Work request: Look in the material below for the line with "Zestaw mebli jadalnianych" and the line with "Image of Ufixt", then set down exactly those two lines and all lines between, nothing more.

Supplied data:
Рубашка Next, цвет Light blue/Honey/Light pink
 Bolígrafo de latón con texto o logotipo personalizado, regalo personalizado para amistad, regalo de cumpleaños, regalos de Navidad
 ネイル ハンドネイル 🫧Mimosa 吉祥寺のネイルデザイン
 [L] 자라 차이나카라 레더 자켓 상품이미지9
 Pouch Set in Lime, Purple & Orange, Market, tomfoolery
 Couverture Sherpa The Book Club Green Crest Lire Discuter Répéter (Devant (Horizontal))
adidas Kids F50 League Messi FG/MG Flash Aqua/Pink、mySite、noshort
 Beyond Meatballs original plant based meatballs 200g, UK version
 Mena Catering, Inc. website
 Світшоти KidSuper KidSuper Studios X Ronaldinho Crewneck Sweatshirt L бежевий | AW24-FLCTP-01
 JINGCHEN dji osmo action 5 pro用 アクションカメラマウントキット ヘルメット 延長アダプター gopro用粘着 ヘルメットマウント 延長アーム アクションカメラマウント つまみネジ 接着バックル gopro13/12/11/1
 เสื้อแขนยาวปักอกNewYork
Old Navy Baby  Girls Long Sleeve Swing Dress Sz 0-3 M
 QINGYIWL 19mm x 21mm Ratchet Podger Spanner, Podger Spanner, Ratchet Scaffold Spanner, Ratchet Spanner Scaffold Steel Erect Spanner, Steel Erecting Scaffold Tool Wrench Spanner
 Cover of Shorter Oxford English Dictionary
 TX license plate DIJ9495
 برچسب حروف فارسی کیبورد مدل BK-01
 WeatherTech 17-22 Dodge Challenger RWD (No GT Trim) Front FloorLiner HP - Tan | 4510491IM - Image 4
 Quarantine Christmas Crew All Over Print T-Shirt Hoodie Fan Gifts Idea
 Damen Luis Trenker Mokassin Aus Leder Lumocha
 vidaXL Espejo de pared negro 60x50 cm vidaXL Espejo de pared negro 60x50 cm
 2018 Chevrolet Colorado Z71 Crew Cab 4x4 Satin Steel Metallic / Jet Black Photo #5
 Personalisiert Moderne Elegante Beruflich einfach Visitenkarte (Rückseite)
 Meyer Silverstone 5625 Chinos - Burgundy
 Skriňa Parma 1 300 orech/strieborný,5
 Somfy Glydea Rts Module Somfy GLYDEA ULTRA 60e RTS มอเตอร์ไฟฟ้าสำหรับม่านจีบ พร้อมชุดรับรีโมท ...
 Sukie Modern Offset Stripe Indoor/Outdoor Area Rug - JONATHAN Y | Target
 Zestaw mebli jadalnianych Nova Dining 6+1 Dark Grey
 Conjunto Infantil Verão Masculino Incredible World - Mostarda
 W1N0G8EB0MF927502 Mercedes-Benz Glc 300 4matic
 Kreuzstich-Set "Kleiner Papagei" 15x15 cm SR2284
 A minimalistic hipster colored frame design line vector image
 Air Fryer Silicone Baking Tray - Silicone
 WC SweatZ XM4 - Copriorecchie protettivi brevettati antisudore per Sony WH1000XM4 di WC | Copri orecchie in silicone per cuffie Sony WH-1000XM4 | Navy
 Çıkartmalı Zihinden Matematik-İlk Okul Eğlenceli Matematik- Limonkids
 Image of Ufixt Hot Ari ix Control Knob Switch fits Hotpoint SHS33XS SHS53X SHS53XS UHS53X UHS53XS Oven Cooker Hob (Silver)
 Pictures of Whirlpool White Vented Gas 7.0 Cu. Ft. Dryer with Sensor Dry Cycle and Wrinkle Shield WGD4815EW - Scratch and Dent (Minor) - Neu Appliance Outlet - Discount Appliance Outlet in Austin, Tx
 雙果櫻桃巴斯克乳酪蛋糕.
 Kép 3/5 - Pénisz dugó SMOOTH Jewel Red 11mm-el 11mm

Response box:
 Zestaw mebli jadalnianych Nova Dining 6+1 Dark Grey
 Conjunto Infantil Verão Masculino Incredible World - Mostarda
 W1N0G8EB0MF927502 Mercedes-Benz Glc 300 4matic
 Kreuzstich-Set "Kleiner Papagei" 15x15 cm SR2284
 A minimalistic hipster colored frame design line vector image
 Air Fryer Silicone Baking Tray - Silicone
 WC SweatZ XM4 - Copriorecchie protettivi brevettati antisudore per Sony WH1000XM4 di WC | Copri orecchie in silicone per cuffie Sony WH-1000XM4 | Navy
 Çıkartmalı Zihinden Matematik-İlk Okul Eğlenceli Matematik- Limonkids
 Image of Ufixt Hot Ari ix Control Knob Switch fits Hotpoint SHS33XS SHS53X SHS53XS UHS53X UHS53XS Oven Cooker Hob (Silver)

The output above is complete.